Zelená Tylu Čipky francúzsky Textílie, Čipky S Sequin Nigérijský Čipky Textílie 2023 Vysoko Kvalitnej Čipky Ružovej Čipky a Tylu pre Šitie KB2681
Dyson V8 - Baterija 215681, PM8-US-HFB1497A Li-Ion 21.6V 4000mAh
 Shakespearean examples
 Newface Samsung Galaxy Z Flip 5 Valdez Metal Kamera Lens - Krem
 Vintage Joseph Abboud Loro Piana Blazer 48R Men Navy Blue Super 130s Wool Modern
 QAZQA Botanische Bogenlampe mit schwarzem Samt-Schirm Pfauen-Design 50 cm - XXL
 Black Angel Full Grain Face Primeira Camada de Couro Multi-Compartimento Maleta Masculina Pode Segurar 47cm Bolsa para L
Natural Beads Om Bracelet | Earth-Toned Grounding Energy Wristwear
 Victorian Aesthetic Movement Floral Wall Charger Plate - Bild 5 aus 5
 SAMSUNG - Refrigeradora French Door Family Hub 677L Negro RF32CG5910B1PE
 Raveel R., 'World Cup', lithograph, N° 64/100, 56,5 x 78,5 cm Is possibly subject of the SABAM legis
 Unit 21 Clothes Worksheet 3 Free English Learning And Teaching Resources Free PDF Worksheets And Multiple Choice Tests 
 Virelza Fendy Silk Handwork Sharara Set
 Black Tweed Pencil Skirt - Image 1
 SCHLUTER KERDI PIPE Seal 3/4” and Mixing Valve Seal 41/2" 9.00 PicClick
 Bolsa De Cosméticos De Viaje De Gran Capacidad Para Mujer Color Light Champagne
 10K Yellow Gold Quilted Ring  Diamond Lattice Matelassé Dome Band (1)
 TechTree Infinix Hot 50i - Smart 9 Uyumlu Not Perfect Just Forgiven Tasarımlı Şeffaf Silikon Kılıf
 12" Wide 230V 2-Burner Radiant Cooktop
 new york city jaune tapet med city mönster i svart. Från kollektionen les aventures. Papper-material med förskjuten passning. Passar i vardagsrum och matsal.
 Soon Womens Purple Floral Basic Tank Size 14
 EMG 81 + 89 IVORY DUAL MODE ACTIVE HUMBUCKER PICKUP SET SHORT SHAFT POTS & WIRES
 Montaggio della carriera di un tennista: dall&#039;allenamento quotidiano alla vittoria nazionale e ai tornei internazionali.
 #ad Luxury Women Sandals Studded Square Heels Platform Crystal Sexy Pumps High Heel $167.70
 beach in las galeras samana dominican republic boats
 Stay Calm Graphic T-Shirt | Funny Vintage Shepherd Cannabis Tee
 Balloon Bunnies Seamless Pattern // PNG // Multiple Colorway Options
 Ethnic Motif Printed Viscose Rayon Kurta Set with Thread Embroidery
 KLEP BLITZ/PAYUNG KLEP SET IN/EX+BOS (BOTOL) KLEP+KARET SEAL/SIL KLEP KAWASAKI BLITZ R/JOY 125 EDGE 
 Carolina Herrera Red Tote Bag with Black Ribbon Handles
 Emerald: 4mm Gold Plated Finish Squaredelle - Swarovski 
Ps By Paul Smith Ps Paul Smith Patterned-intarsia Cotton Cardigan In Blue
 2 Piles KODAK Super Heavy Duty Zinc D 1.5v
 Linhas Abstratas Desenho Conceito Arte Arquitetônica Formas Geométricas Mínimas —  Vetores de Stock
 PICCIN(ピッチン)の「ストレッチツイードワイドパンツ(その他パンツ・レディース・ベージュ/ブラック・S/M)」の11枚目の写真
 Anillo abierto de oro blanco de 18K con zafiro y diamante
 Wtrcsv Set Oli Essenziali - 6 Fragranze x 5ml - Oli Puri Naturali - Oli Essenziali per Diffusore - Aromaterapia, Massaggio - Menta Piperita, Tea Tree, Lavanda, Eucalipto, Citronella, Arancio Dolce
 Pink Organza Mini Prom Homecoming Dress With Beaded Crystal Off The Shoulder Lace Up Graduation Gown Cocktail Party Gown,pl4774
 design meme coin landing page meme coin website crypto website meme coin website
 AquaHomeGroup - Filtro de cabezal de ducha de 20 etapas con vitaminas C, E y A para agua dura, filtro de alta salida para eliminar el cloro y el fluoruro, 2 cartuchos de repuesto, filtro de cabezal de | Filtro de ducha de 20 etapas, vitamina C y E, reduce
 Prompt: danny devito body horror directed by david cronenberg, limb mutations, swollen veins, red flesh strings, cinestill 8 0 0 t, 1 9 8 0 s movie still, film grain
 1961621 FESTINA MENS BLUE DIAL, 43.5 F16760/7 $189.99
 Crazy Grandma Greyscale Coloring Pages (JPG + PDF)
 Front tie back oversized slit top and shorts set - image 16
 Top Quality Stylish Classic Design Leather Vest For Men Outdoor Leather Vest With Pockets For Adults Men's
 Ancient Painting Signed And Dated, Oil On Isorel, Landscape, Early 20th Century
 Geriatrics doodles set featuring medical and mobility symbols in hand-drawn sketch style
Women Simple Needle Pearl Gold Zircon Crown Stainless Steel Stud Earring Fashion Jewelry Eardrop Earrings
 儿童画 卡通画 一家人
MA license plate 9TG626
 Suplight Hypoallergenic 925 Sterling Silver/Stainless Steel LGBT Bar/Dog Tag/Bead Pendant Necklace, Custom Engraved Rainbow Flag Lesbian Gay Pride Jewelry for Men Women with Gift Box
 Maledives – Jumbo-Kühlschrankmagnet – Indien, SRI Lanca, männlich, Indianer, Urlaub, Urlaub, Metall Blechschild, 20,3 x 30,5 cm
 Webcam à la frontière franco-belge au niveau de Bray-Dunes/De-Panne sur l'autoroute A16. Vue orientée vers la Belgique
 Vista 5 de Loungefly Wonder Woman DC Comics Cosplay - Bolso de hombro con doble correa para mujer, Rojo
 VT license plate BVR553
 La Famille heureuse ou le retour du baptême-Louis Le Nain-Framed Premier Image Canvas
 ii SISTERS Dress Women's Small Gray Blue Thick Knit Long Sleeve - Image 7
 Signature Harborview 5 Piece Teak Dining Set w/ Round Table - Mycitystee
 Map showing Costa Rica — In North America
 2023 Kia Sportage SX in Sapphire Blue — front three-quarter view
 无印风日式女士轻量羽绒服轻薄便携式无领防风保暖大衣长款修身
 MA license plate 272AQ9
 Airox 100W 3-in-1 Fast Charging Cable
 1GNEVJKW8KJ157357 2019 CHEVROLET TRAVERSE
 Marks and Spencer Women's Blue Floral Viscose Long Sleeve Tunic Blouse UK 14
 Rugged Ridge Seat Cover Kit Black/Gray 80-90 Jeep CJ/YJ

——

• Task details:
The lines to report are those in the material above that contain the word "Stainless"; copy every one of them.

• Solution:
Women Simple Needle Pearl Gold Zircon Crown Stainless Steel Stud Earring Fashion Jewelry Eardrop Earrings
 Suplight Hypoallergenic 925 Sterling Silver/Stainless Steel LGBT Bar/Dog Tag/Bead Pendant Necklace, Custom Engraved Rainbow Flag Lesbian Gay Pride Jewelry for Men Women with Gift Box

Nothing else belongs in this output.